When we bought our house there was a big ugly hole in the yard from a failed pond project. Used it to make a dry well for all the grey water. Hand dug a 30' long, 3' deep trench to it that doubles as a french drain for the yard and gutters.  That was fun.
It has worked great. We only have a 750 gallon tank, and have pumped it every 4 years.


----------



## Highbeam (Nov 29, 2013)

Michael Golden said:


> Installed my own aerator septic with 420' of leech for just under $3000! Had to take simple test through the health dept. and then they had to come and inspect. It is really a very easy job and only took about 16 hours from start to finish with two guys.


 
I wish this stuff was that cheap and easy. You must have great soils and a very relaxed AHJ.


----------



## Michael Golden (Nov 29, 2013)

Highbeam said:


> I wish this stuff was that cheap and easy. You must have great soils and a very relaxed AHJ.



What "stuff"? It was a aerator system with 420ft of leech, my soil is actually not that good. I hit some clay here and there, that is why I had to go 400 ft instead 200ft. It just shows how much things are marked up when you get someone else doing the work. I had two estimates one was $8500 and the other $10500. That right there is money in the bank!


----------



## Mackman (Dec 2, 2013)

House built in the 1940s and it had a septic system??  Most houses around here (SE PA) would have had cesspools.  By the way i do own a septic company.  www.bmwastewater.com.  Mods if im not allowed to post links sorry.

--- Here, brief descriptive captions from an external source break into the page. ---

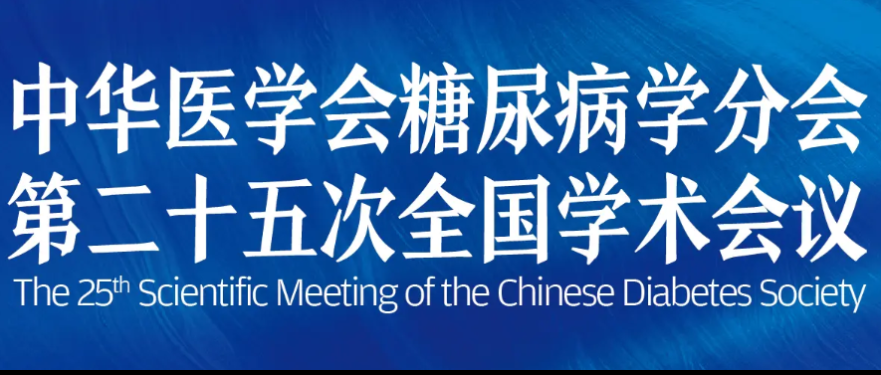 中华医学会糖尿病学分会第二十五次全国学术会议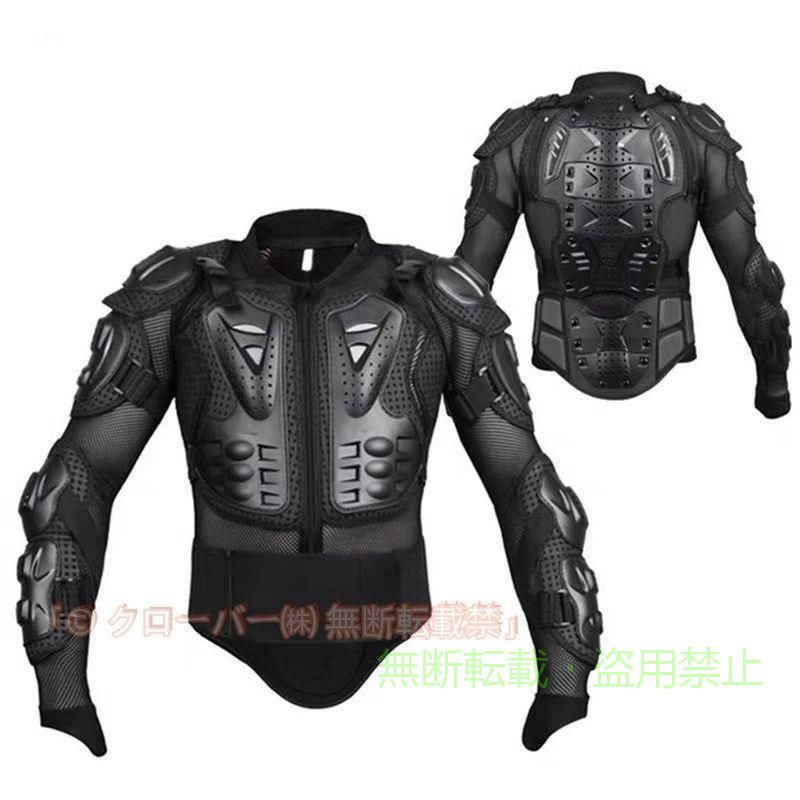 【期間限定5％OFFクーポン】バイク用 バイクウエア モトクロス オフロード クロー...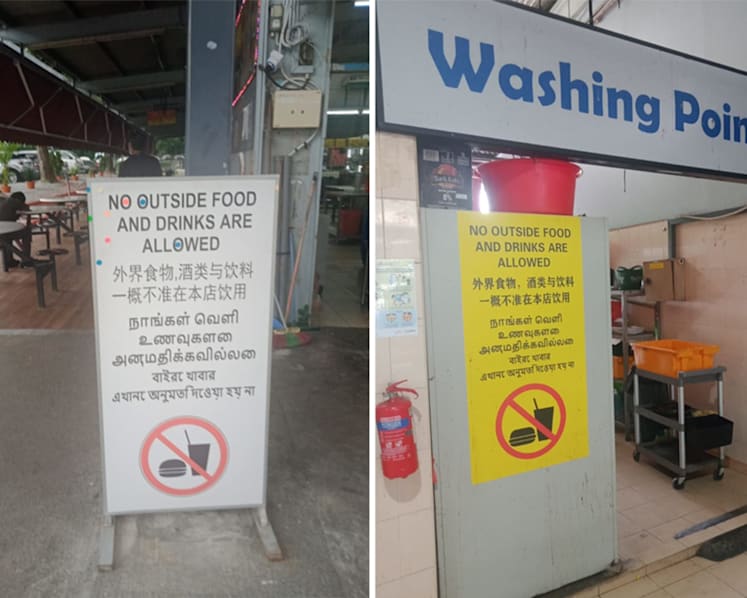 Migrant Workers' Centre apologises for errors in Tamil and Bengali signs at recreation club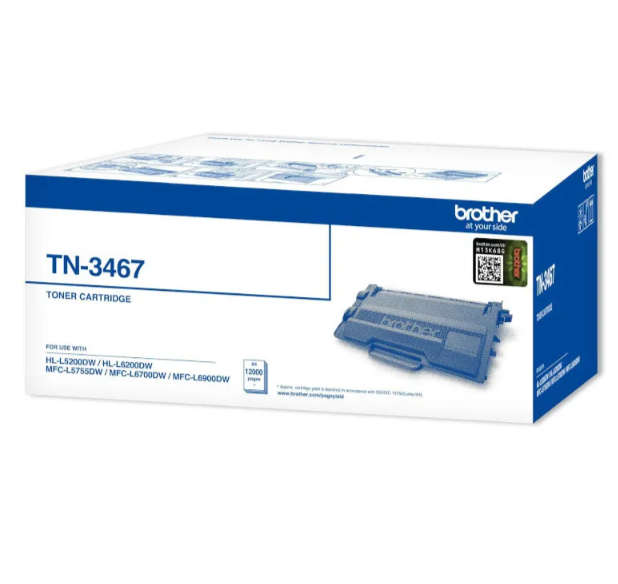 Original BROTHER TONER CARTRIDGE - HLL5200DW - 12 000 PGS - NEW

The best thing you can do for a septic is pump it every 2-3 years.  Also i do agree Rid-x or any other type off stuff like that is a joke.  A good working septic doesn't need anything added to it.


----------



## Mackman (Dec 2, 2013)

New septics around here are about 12-17,000 for a basic system.  Then if you get into sand monds or drip irrigation can get upwards of 30,000+


----------



## semipro (Dec 2, 2013)

Mackman said:


> The best thing you can do for a septic is pump it every 2-3 years.


Sounds a lot like the recommendation to change engine oil every 3000 miles. 
If loading is light why pump so often?  Say like my parents living in a 4 bedroom house, just the two of them. 
It would seem that as long as solids levels stay low enough that they don't exit the tank and enter the field there's no harm in extending pumping intervals.


----------



## Mackman (Dec 2, 2013)

semipro said:


> Sounds a lot like the recommendation to change engine oil every 3000 miles.
> If loading is light why pump so often?  Say like my parents living in a 4 bedroom house, just the two of them.
> It would seem that as long as solids levels stay low enough that they don't exit the tank and enter the field there's no harm in extending pumping intervals.

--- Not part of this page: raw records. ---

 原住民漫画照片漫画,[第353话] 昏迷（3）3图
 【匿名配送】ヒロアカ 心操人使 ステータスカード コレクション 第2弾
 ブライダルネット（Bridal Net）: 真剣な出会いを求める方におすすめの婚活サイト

2 people i say no longer then 5 years.  I charge 235.00 up to 1,500 gallons.  Most tanks in my area are 1,000 or 1,250 gallons.  So the way i look at it is 235.00 is going to make sure there are no solids in the tank.  Thats a cheap piece of mind.  But if you want to gamble to save 235.00 it could cost you big $$$.  Then you would have wished you spent 235.00 every 3-5 years.  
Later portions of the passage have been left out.